2- Is there a global way to make scikit deterministic?
EDIT:
I just tried this:
test_size = 0.5
X = np.random.randint(10, size=(10,2))
Y = np.random.randint(2, size=(10))
SEED = 0
random_state = np.random.RandomState(SEED)
X_train, X_test, y_train, y_test = \
cross_validation.train_test_split(X, Y, test_size=test_size, random_state=random_state)

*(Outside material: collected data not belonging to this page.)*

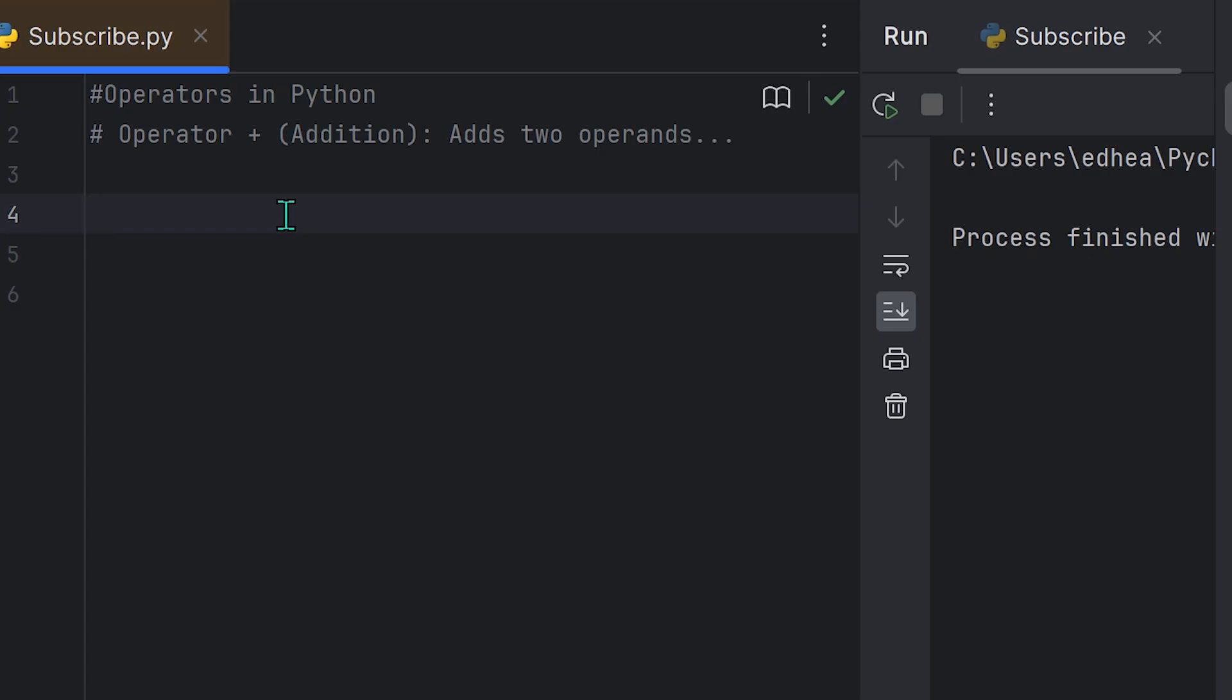Arithmetic operators in Python are used to perform mathematical operations like addition, subtraction, multiplication, and division, and we're going to cover some others as well.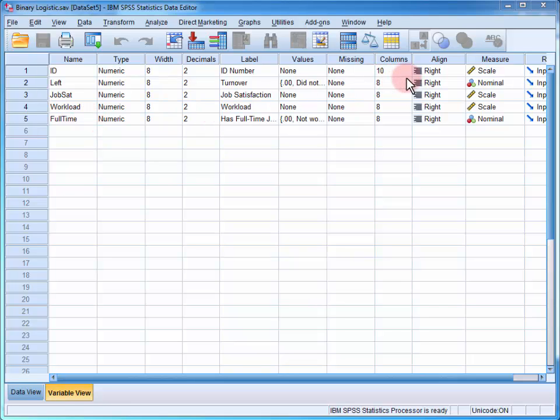We can see that our outcome variable, whether or not the employee has left, is a nominal or dichotomous variable.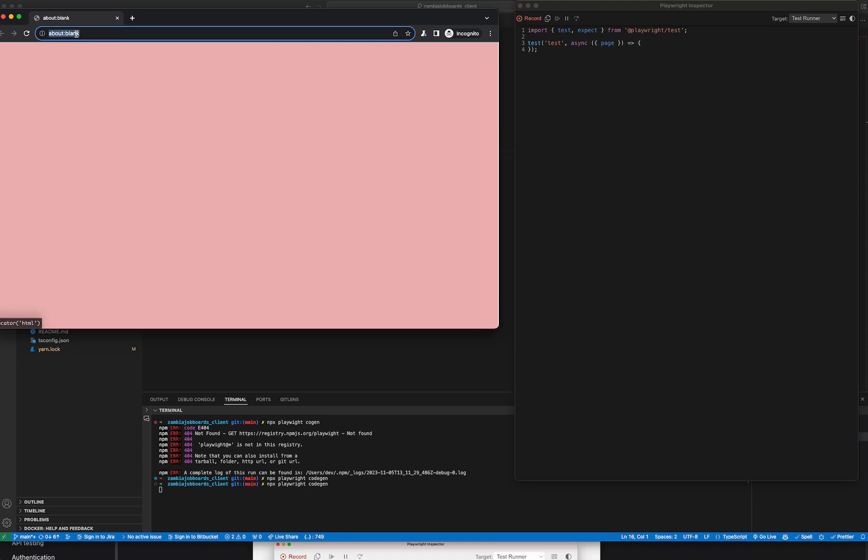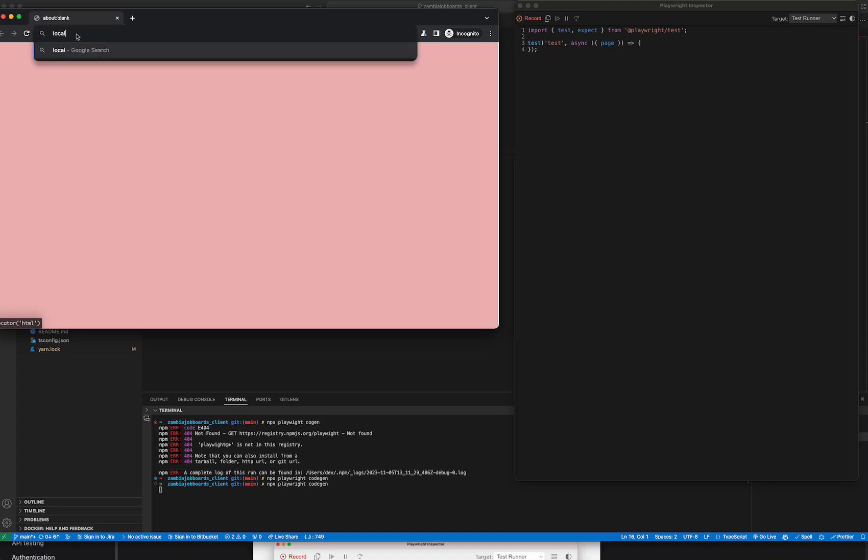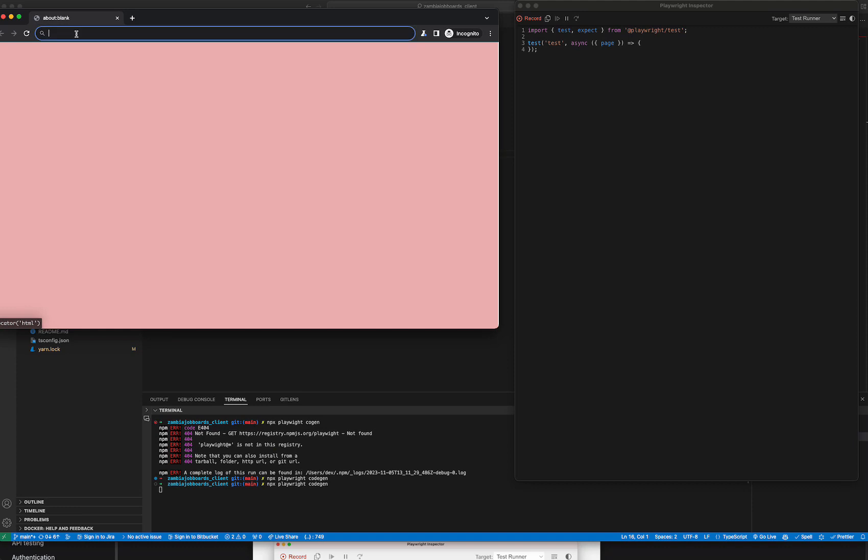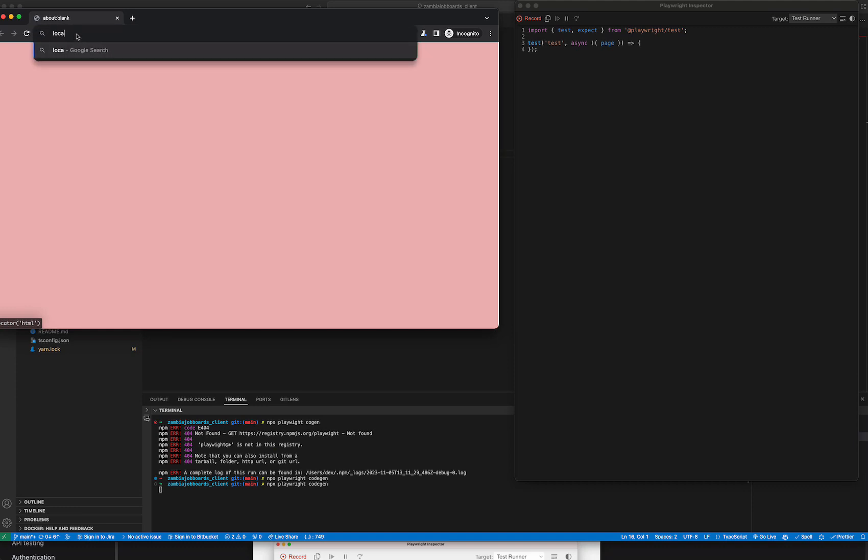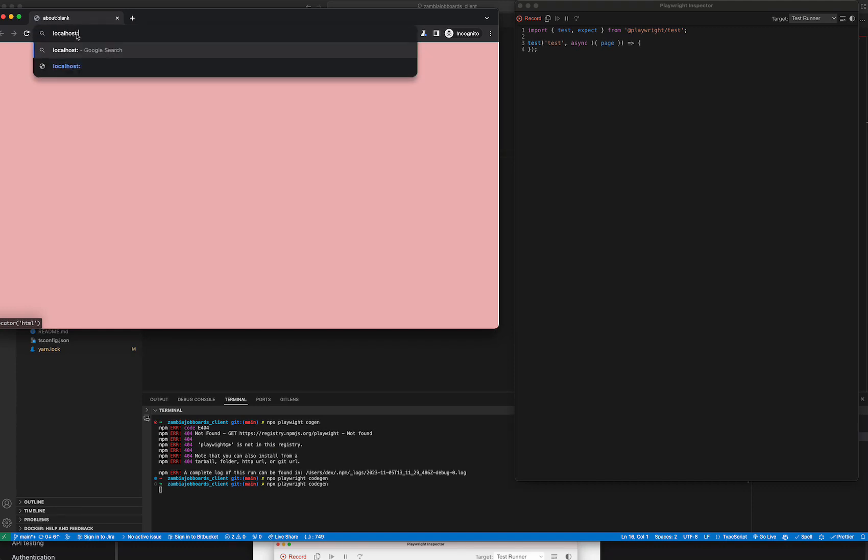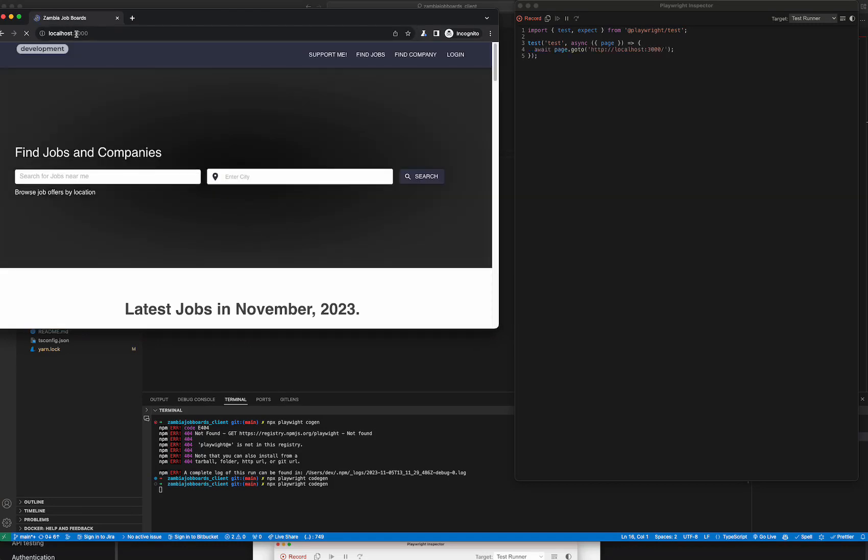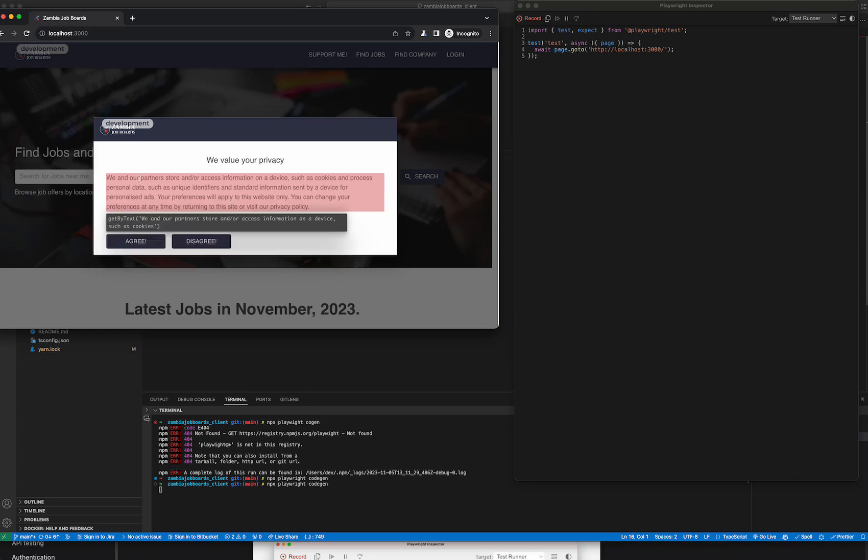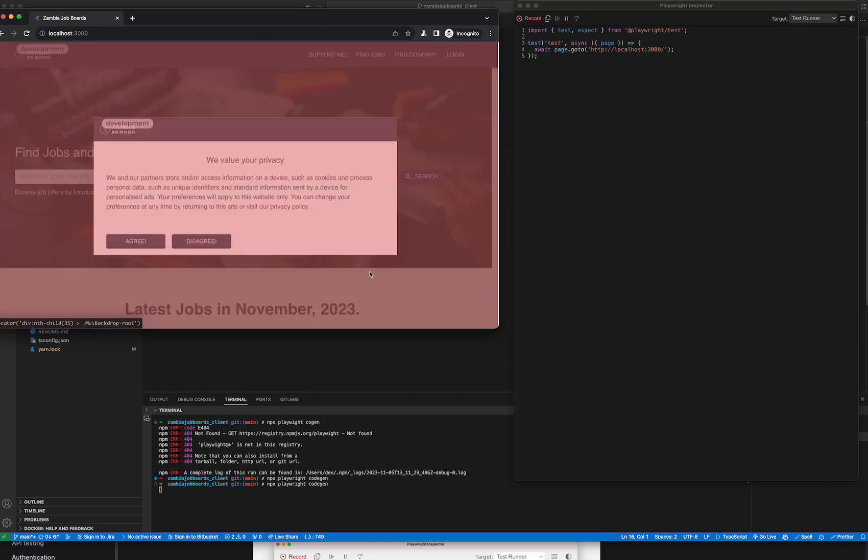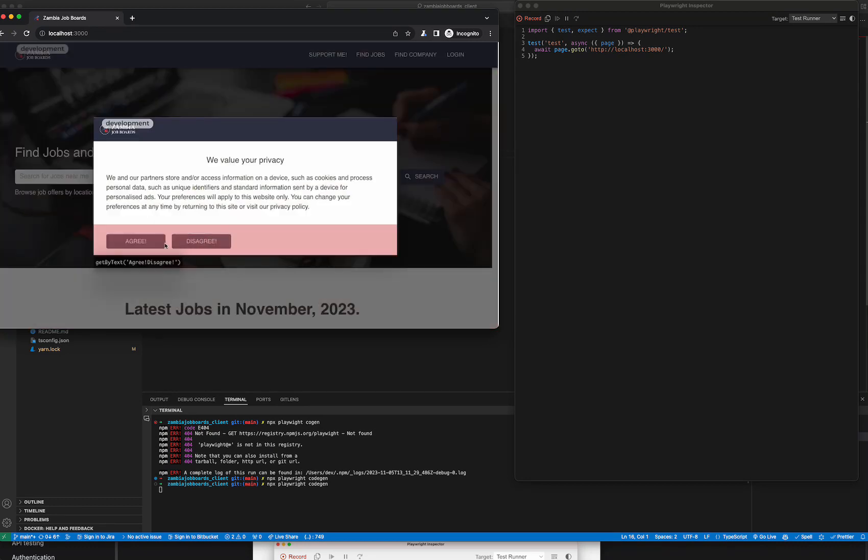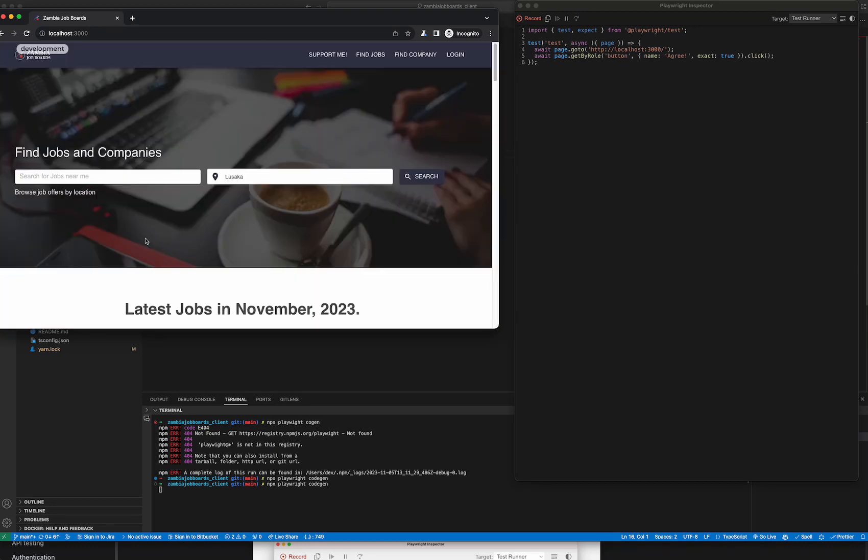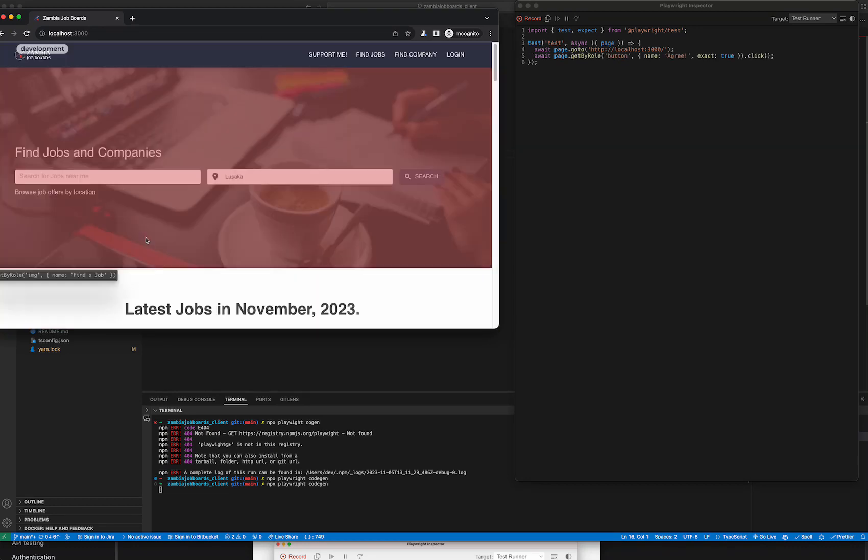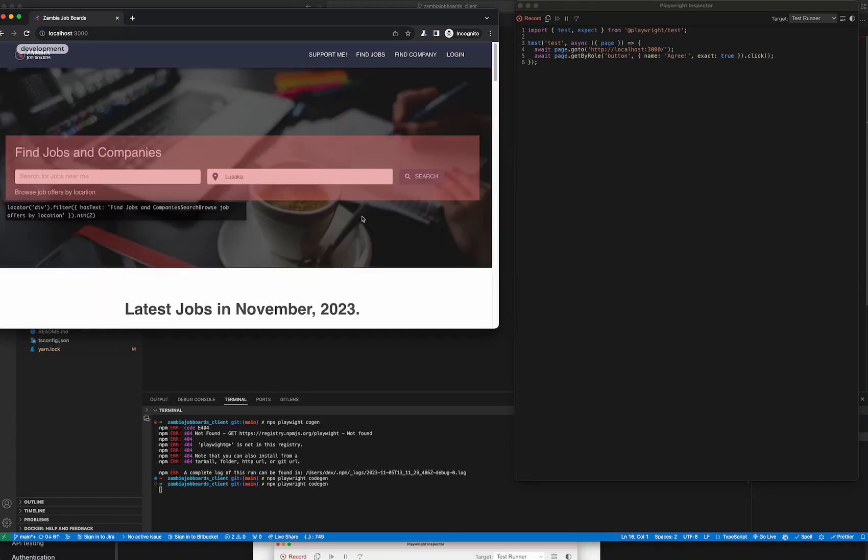You can see here it brings up this pretty cool UI, and then it takes me to a blank Chrome instance with a blank page. I can go to localhost 3000, and look at that - it has generated code to go to localhost.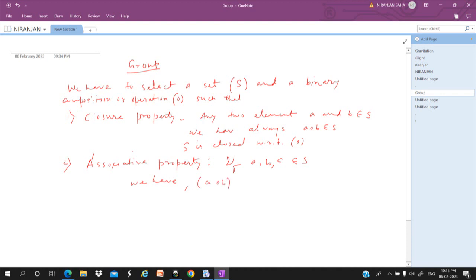Then we have (A ∘ B) ∘ C — in this bracket, the operation A ∘ B must be done first, then operate with C — is equal to A ∘ (B ∘ C), where B and C are operated under the ∘ operation first, and then we operate A with the result (B ∘ C). Both sides must be equal, then we can say that it satisfies the associative property.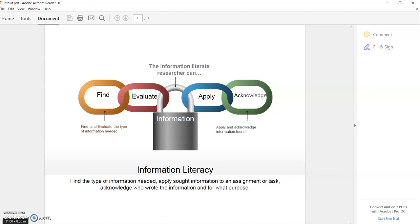After that, we're going to apply that information to your research along with acknowledging who wrote it and for what purpose. So today we're going to find information and go through these chain links for the purpose of helping you become more information literate.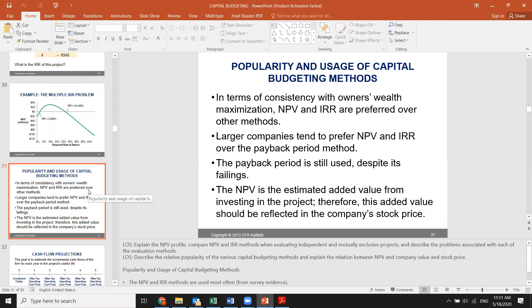So far we have been calculating NPV using ready-given cash flows. But the question you may ask is how firms or financial managers come up with these cash flows — how they calculate them, where they are derived from. We used to go with ready-given cash flows. So a very important question is: how do corporations or financial managers come up with these cash flows, and what estimations are they based on? This is what we're going to go through.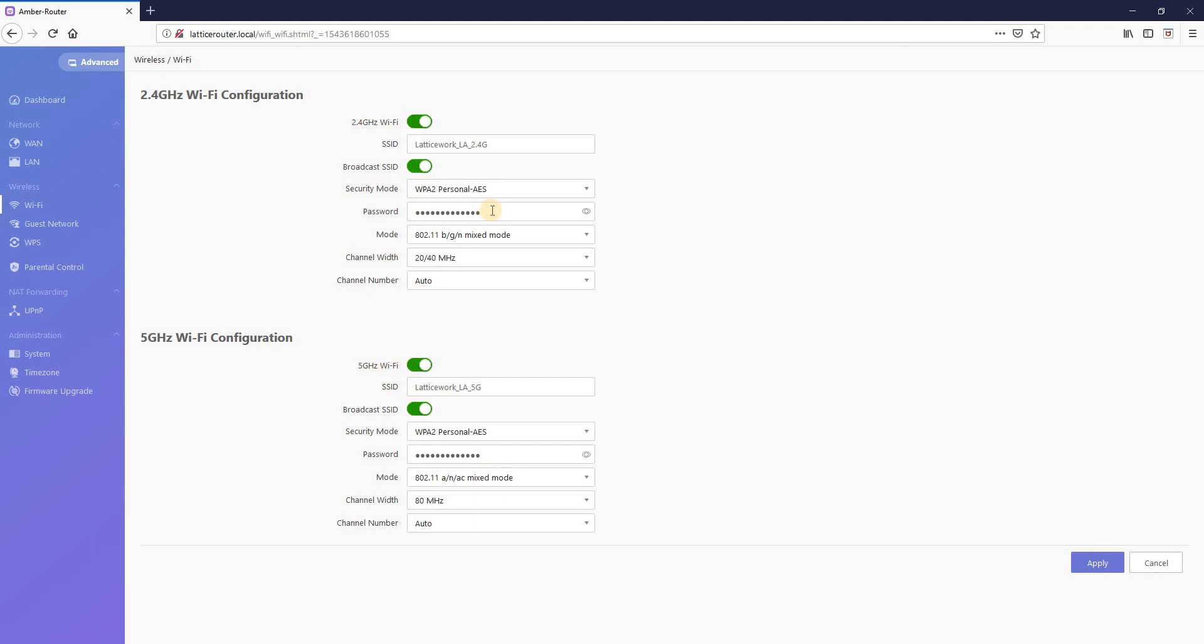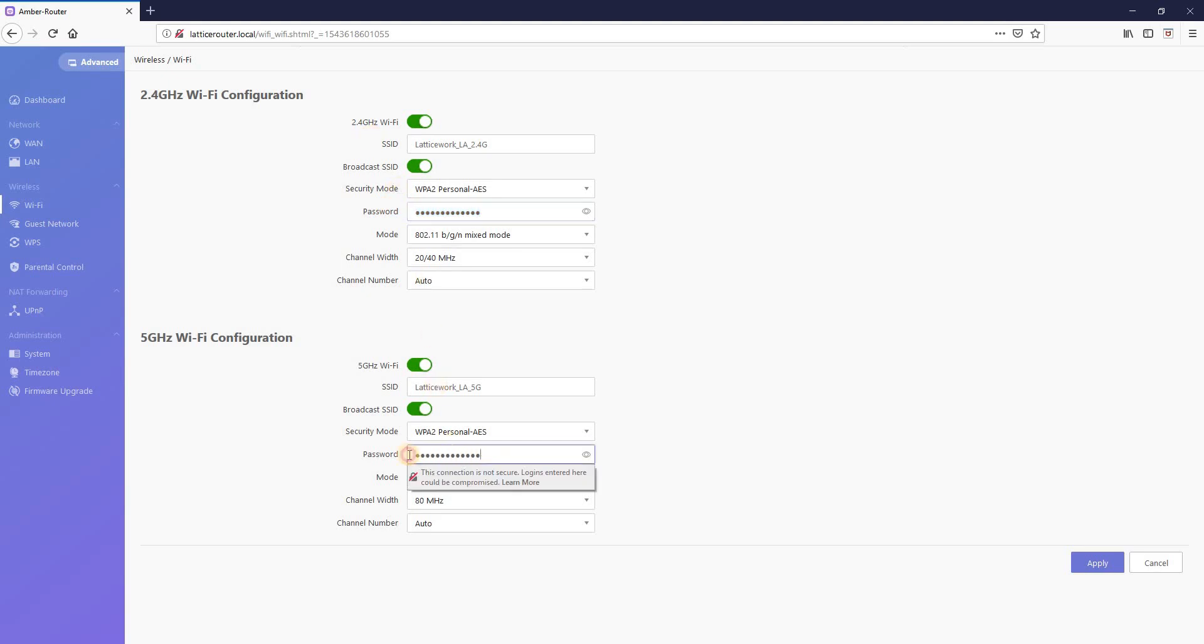You can change the password for your Wi-Fi network here. This one's for the 2.4 GHz network. This one here is for the 5 GHz network.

print X_train # I recorded the result
Then I did:
X_train, X_test, y_train, y_test = \
cross_validation.train_test_split(X, Y, test_size=test_size, random_state=6) #notice the change in random_state
Then I did:
X_train, X_test, y_train, y_test = \
cross_validation.train_test_split(X, Y, test_size=test_size, random_state=random_state)
print X_train #the result is different from the first one!!!!
As you see I'm getting different results although I used the same random_state! How to solve this?
LogisticRegression uses randomness internally and has an (undocumented, will fix in a moment) random_state argument.
There's no global way of setting the random state, because unfortunately the random state on LogisticRegression and the SVM code can only be set in a hacky way. That's because this code comes from Liblinear and LibSVM, which use the C standard library's rand function and that cannot be seeded in a principled way.
EDIT The above is true, but probably not the cause of the problem. You're threading a single np.random.RandomState through your calls, while you should pass the same integer seed for easy reproducibility.